Na sua primeira exposição - “Ars Liberat”, de 2008 - era uma missa para o corpo e agora, em “Ciscos”, é uma missa que celebra a “natureza”. A construção simbólica aqui se volta para uma natureza presente tanto no ambiente quanto na própria matéria que constitui os corpos. Afinal, o que nos une é aquilo de que somos feitos, mas há algo também que nos diferencia. Ou seja, segundo Pedro Lucena, a nossa materialidade é, antes de tudo, feita de restos, galhos, folhas, musgos, pó. Contudo, essa união, ou reunião de elementos, tende a se repartir, deixando margens para uma relação entre o selvagem e o estrangeiro.
O primitivo das suas construções de ex-votos é talhado num olhar de sacrifícios pessoais, de consagração e de renovação num pacto de fé que se encontra com o estrangeiro, com o que se pode metafisicamente chamar de extraterrestre. A tecnologia é feita de pau. “Ciscos” é uma renovação do pacto da fé no encontro daqueles que nunca poderiam habitar o mesmo mundo.
O projeto do progresso faliu. Agora, só resta entendermos que o reconhecimento das nossas identidades está no que foi jogado fora. A criança vê esse estrangeiro-extraterrestre e não se espanta, não julga, porque a alteridade já foi realizada na árvore. Eu me deparo com a estranheza deste encontro, pois tenho que mergulhar na minha própria estranheza infantil, sem proporção e sem sexo. “Ciscos” fala desse encontro, onde personagens singulares são constituídos da mesma matéria. Onde a sabedoria é feita de trastes. Onde a ironia e a consciência do mundo dão lugar ao mistério gentil, terno e natural.
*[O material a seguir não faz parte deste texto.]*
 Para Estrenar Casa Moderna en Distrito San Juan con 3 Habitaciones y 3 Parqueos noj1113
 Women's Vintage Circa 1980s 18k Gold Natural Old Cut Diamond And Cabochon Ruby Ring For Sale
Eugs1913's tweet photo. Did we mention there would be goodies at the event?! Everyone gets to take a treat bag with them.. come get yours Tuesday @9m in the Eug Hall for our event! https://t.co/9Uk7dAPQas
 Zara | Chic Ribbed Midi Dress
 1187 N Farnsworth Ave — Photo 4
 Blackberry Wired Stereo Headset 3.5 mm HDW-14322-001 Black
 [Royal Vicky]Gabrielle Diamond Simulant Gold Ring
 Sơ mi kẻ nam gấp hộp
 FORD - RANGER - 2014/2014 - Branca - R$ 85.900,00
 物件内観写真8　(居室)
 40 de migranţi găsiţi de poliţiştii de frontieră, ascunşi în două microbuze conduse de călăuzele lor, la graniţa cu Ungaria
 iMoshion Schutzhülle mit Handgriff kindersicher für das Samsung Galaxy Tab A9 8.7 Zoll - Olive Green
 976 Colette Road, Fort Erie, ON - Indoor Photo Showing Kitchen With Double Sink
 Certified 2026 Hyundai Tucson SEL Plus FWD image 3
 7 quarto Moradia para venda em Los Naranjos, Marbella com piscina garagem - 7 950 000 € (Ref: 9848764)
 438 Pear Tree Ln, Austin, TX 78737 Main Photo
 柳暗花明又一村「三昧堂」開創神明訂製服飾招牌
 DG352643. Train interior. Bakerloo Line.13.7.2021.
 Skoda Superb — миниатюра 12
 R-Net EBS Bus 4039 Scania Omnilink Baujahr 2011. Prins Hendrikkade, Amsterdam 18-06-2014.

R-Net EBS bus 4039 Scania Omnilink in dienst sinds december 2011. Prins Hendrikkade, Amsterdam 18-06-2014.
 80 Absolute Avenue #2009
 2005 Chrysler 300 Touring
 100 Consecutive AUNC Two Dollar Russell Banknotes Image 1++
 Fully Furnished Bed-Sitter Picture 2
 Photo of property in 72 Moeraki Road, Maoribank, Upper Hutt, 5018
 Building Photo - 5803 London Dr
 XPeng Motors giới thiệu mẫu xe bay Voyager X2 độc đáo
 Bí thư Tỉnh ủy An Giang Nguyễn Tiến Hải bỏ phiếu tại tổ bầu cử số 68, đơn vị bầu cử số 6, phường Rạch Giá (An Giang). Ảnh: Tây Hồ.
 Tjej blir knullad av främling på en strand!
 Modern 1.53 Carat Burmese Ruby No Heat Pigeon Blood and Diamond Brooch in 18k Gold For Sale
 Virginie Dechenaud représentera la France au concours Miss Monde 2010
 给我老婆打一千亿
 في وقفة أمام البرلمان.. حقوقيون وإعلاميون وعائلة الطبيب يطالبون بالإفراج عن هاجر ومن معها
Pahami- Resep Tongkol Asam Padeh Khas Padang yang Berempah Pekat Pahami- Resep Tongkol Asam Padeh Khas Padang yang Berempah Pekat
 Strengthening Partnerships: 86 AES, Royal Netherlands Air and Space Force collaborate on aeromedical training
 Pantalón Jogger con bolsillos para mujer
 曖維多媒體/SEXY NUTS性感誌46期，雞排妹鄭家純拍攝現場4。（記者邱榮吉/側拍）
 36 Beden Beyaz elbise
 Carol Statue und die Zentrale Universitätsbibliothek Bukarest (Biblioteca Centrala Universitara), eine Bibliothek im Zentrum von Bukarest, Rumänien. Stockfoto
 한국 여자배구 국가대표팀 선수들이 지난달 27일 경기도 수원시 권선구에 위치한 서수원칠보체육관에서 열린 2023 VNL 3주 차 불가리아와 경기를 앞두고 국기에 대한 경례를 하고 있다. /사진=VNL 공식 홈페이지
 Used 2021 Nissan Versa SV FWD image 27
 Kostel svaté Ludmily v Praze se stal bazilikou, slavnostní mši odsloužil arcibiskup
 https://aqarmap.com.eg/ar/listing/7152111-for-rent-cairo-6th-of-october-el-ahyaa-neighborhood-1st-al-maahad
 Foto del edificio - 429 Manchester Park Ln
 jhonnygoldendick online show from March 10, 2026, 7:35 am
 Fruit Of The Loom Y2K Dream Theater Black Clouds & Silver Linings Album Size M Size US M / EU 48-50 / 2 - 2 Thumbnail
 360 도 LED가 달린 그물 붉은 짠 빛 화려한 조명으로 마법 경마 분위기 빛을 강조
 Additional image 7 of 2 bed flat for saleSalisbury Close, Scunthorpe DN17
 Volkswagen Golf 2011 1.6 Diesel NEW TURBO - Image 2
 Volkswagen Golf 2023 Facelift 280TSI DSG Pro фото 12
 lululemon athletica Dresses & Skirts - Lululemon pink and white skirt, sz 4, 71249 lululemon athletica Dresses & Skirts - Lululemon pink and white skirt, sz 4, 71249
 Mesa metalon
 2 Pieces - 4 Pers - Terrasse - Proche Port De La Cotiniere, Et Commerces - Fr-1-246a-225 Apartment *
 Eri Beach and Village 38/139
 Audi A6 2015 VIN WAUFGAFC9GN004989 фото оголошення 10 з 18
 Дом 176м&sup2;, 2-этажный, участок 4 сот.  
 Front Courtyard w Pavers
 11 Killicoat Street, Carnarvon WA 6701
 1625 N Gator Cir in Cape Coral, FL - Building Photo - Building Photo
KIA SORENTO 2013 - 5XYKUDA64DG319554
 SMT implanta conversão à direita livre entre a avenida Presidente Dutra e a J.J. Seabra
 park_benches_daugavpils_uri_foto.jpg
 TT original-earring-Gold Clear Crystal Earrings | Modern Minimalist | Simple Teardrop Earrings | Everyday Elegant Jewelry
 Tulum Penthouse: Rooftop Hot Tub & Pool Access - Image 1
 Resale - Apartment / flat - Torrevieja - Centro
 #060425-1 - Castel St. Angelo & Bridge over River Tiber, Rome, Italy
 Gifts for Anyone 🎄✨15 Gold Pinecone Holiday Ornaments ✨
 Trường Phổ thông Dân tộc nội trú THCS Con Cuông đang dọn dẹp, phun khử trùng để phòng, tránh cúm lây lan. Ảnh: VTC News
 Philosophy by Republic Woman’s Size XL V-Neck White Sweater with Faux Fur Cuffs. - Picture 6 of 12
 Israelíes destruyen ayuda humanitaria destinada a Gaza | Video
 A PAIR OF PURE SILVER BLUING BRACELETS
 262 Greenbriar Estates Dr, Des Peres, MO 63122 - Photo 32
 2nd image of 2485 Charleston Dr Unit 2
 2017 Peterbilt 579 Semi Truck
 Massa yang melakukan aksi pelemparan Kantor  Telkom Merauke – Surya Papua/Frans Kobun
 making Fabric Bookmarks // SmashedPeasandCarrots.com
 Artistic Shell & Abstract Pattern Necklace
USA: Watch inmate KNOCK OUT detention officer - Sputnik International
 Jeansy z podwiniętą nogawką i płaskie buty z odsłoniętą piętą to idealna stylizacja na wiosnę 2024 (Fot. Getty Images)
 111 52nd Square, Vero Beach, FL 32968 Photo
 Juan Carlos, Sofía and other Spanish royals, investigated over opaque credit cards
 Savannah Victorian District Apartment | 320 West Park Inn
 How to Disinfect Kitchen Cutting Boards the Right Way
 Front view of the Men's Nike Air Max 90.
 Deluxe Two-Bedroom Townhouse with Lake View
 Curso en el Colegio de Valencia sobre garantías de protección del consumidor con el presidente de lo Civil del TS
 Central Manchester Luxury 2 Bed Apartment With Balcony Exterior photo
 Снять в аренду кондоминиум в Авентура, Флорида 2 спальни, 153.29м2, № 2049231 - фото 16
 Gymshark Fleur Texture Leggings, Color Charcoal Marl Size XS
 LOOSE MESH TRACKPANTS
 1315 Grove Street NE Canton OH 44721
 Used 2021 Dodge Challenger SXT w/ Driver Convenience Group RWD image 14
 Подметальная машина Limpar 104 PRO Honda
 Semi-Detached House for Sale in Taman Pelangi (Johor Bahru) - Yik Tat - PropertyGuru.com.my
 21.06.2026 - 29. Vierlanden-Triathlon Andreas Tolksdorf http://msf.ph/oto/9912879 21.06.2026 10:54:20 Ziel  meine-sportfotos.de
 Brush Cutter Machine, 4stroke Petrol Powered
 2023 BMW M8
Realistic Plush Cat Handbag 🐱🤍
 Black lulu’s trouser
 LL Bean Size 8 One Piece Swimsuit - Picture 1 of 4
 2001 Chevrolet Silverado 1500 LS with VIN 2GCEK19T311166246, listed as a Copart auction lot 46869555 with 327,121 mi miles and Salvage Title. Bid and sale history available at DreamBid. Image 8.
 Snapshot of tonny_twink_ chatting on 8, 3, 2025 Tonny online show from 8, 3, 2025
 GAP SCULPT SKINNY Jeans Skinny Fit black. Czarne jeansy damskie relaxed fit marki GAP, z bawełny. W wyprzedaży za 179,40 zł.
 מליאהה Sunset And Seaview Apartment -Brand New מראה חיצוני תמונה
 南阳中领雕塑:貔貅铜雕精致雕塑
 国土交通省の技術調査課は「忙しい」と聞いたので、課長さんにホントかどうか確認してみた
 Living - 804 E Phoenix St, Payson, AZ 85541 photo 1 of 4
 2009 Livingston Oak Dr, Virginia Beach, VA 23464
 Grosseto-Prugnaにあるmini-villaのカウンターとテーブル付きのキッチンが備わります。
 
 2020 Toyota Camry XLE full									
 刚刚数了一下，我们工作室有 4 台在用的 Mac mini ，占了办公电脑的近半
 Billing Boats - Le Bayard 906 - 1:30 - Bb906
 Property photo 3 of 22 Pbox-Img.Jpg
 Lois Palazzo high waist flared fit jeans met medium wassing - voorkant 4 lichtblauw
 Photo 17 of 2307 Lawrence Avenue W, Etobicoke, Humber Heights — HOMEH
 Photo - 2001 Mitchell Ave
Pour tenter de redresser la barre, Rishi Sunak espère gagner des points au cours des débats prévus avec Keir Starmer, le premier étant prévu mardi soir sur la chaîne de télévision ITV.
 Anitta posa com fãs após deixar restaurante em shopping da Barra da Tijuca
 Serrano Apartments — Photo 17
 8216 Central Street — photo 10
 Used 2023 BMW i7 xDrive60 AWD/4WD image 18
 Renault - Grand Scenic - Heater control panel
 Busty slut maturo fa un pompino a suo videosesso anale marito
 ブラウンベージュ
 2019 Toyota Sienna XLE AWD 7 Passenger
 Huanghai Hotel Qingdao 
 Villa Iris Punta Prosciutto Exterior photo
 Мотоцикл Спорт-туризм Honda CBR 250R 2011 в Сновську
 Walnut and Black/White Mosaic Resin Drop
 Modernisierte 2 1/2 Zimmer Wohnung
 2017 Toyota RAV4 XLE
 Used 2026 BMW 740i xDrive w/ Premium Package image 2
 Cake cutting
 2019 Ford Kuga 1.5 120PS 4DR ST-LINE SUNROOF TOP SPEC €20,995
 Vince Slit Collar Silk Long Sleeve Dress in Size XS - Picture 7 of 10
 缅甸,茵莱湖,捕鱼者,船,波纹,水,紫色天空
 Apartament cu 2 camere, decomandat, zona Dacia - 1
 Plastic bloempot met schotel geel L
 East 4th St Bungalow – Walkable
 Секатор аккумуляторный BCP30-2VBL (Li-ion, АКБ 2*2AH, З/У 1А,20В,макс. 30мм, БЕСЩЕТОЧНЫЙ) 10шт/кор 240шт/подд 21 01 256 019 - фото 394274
Acaso seria possível conhecermos o mundo sem perder as nossas raízes? Nem sei bem por que fiz essa pergunta. Mas ao ver o trabalho de Pedro Lucena continuo a me perguntar. Então me aproximo mais dos seus desenhos, meu olho se aproxima de uma trama de traços infinitos para dentro. A resposta está dentro do traço. A missa termina e a criança dorme.
René Guerra
Cineasta
Período: 22 de novembro de 2012 a 25 de janeiro de 2013.